### Records from a data collection:
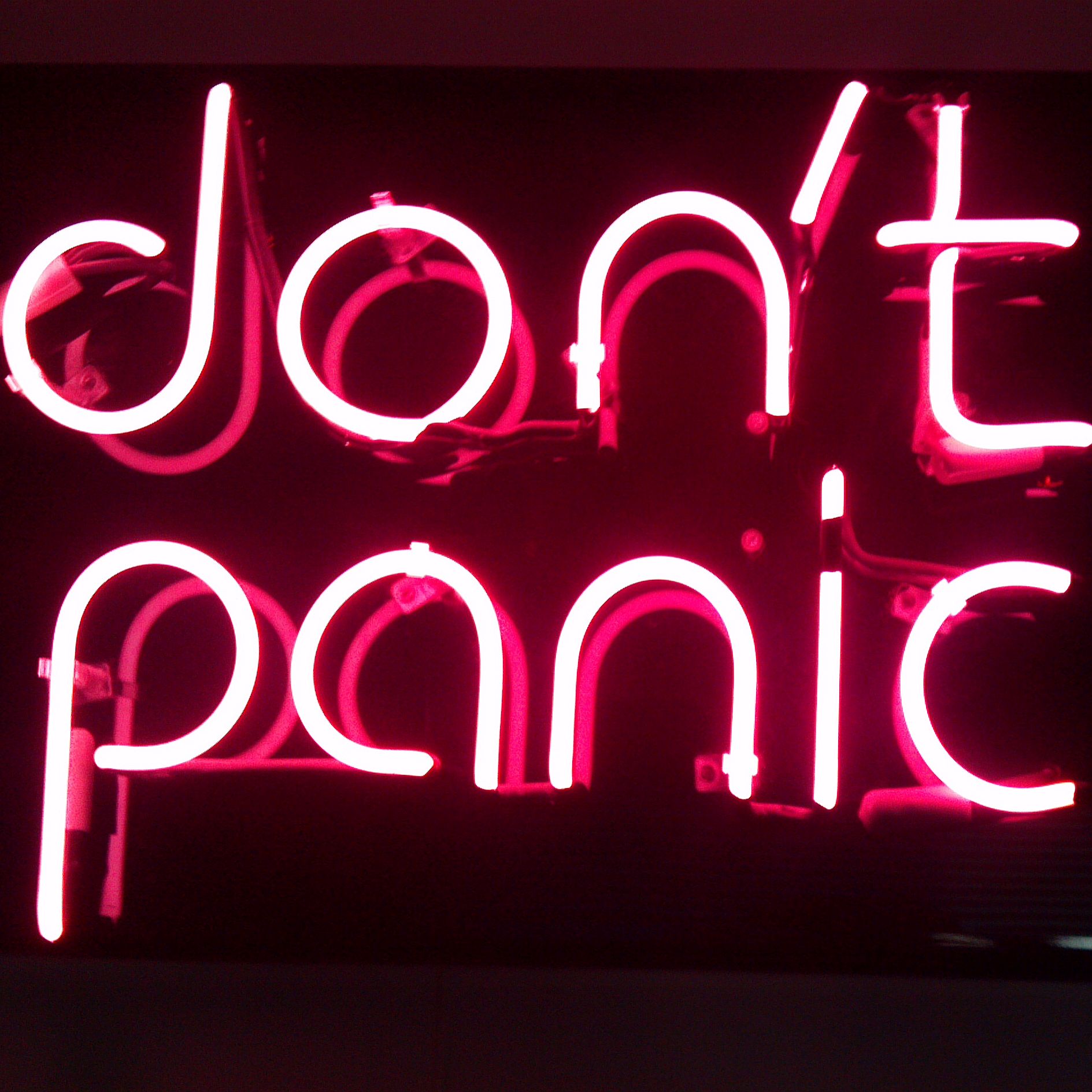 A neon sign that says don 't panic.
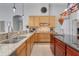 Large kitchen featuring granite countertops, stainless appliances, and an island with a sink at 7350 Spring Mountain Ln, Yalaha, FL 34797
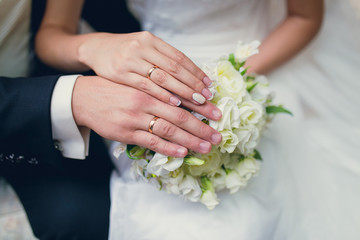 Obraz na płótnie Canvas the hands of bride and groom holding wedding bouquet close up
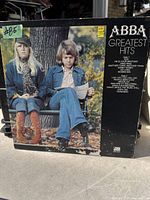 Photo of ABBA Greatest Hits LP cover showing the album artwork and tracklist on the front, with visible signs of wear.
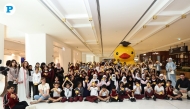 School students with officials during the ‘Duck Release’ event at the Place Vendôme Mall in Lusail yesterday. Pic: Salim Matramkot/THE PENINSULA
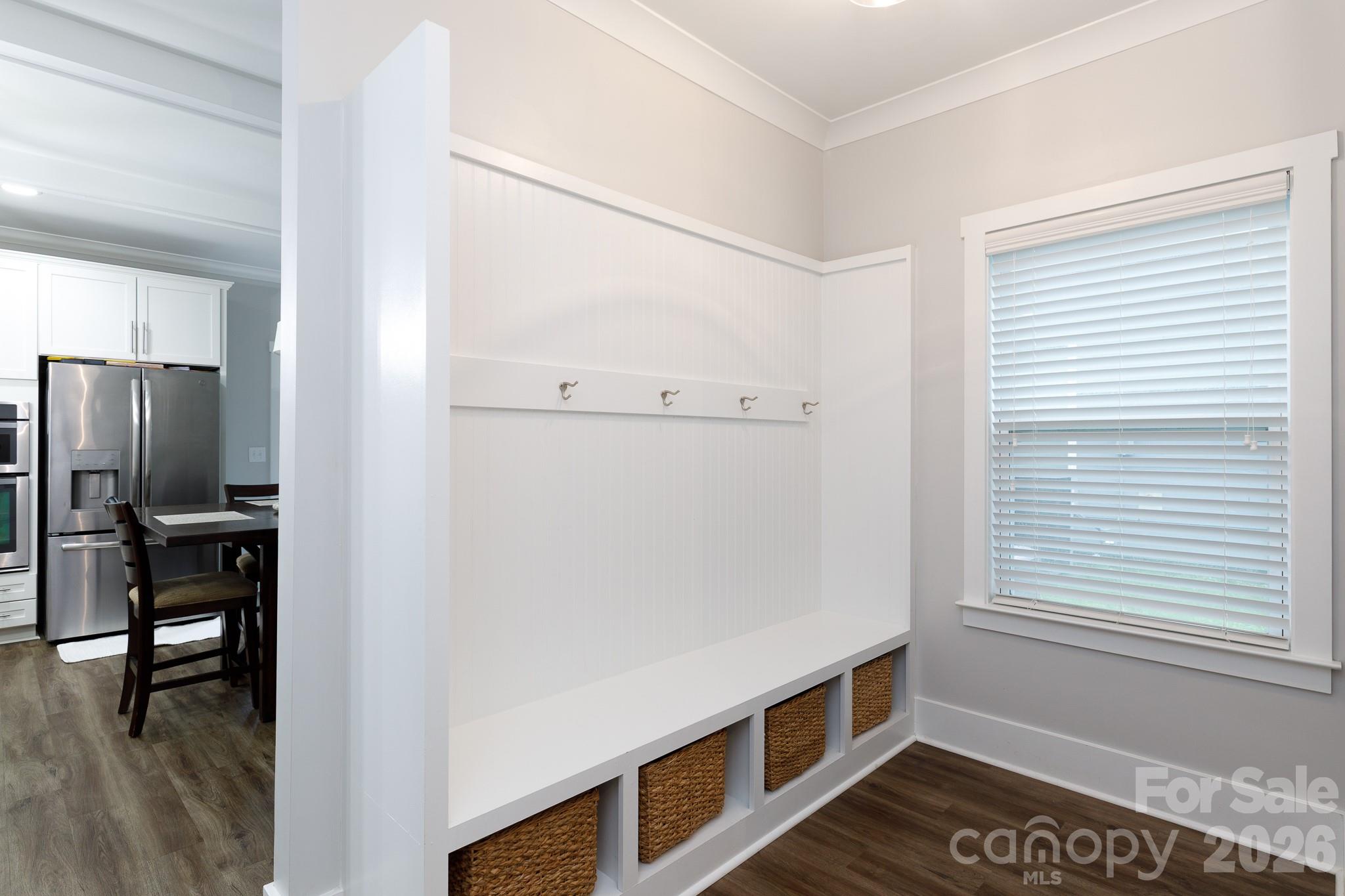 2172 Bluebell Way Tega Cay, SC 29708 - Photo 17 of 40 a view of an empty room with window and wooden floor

### WORK ITEM:
Take only the lines above from the one that has "Obraz na płótnie" through the one that has "Photo of ABBA" and reproduce them exactly, omitting any pictures.

### ANSWER SECTION:
 Obraz na płótnie Canvas the hands of bride and groom holding wedding bouquet close up
 Photo of ABBA Greatest Hits LP cover showing the album artwork and tracklist on the front, with visible signs of wear.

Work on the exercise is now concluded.